If you discover a security vulnerability in our code or infrastructure, report it to us and get awarded up to €10,000 per vulnerability, depending on its complexity and impact potential.
We strive to be a strong link in your security chain, leveraging the benefits of zero-knowledge encryption to secure your data and communications. However, nobody is perfect, and we’re not either. That’s why we’d love to hear from you if you have discovered a qualifying vulnerability in our code or infrastructure.
Before contacting us, please read all the information on this page and follow the instructions.
We value reports that are well-structured and explain the issues clearly. That’s because we can reproduce and understand the problem, and you can receive higher payouts faster. We recommend reading this post for tips on how to write bug bounty reports. When your report is ready, please send it to firstname.lastname@example.org
Compromised static CDN node (*.static.mega.co.nz)
Disclaimer: Influencing user actions through modified image files, while indeed a potential vulnerability in this context, is excluded.
Compromised user storage node (*.userstorage.mega.co.nz)
Let’s assume that you have gained access to one of our storage nodes and are able to manipulate it freely. You know that your victim is about to download a particular file residing on that node, but you don’t have its key. Can you manipulate its content so that it still downloads without an error?
Compromised core infrastructure (*.api.mega.co.nz)
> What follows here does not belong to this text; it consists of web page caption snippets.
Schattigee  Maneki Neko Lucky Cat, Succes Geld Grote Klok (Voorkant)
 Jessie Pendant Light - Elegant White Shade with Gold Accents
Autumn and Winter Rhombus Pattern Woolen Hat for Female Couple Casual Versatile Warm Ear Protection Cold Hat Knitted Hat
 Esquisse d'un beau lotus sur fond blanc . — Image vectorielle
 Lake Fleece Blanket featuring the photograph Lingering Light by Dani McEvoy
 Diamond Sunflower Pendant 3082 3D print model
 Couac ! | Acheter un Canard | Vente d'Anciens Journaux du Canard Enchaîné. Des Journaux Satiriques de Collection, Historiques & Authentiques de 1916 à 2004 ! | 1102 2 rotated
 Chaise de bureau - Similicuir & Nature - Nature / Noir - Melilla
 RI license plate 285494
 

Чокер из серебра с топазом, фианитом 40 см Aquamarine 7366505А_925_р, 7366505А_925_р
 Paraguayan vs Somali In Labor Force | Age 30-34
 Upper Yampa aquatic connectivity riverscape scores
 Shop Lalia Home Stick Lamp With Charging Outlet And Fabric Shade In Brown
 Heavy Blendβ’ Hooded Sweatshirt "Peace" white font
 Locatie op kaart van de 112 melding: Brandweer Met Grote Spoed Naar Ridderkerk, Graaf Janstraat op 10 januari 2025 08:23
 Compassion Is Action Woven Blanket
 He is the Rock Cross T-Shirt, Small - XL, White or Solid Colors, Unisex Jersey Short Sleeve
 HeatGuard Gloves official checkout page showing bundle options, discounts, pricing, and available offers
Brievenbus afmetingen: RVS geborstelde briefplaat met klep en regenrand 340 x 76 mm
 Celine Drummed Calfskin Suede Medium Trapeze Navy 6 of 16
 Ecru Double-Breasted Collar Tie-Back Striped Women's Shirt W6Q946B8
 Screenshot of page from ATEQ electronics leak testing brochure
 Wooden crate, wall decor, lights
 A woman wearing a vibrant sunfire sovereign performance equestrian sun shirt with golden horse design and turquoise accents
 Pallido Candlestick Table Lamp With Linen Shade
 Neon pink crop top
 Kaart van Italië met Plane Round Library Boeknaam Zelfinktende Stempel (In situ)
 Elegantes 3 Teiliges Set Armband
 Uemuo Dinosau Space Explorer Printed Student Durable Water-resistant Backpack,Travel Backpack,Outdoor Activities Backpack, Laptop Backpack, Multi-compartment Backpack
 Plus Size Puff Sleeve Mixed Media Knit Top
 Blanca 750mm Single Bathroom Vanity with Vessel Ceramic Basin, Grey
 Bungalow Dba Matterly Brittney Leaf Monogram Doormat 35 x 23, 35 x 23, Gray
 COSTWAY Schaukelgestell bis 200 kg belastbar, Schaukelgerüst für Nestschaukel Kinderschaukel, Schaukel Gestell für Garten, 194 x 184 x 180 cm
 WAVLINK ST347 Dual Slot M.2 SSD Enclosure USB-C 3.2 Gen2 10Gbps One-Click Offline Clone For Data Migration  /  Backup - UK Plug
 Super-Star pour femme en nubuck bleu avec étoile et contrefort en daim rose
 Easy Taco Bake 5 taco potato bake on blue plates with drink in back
This is the most extreme scenario. Let’s assume that you have compromised our operational heart, the API servers. Can you trick API clients into surrendering usable keys for files in accounts that do not have any outgoing shares in them?
MEGA classifies vulnerabilities according to severity, on a scale from 1 to 6.
Severity class 6
Fundamental cryptographic design flaws that are generally exploitable
Severity class 5
Remote code execution on core MEGA servers, such as application programming interface, database, and root clusters or major access control breaches
Severity class 4
Cryptographic design flaws that can be exploited only after compromising server infrastructure, either live or post-mortem
Severity class 3
Generally exploitable remote code execution on client browsers (cross-site scripting)
Severity class 2
Cross-site scripting that can be exploited only after compromising the API server cluster or mounting a man-in-the-middle attack, for example by issuing a fake TLS/SSL certificate plus DNS/BGP manipulation
Severity class 1
All lower-impact or purely theoretical vulnerability scenarios
We award up to EUR 10,000 per vulnerability, depending on its complexity and impact potential.
High-quality bug and vulnerability reports that are well-structured, and documented with a proof of concept will be rewarded at the top end of each severity class.
The “first” person to report a vulnerability that’s reproducible and verifiable by MEGA will receive an award.
The decision on whether your report qualifies and how much you will be awarded is at our discretion. While we will be fair and generous, by submitting a bug report, you agree and accept that our verdict is final.
We aim to reply to reports within 12 hours of receiving them. If you don’t hear from us within this timeframe, please follow up via email.
Responsible disclosure policy
Please adhere to the industry standard responsible disclosure policy, with a 90-day time period from when the reported vulnerability is verified and acknowledged, to give us time to test and deploy any fixes.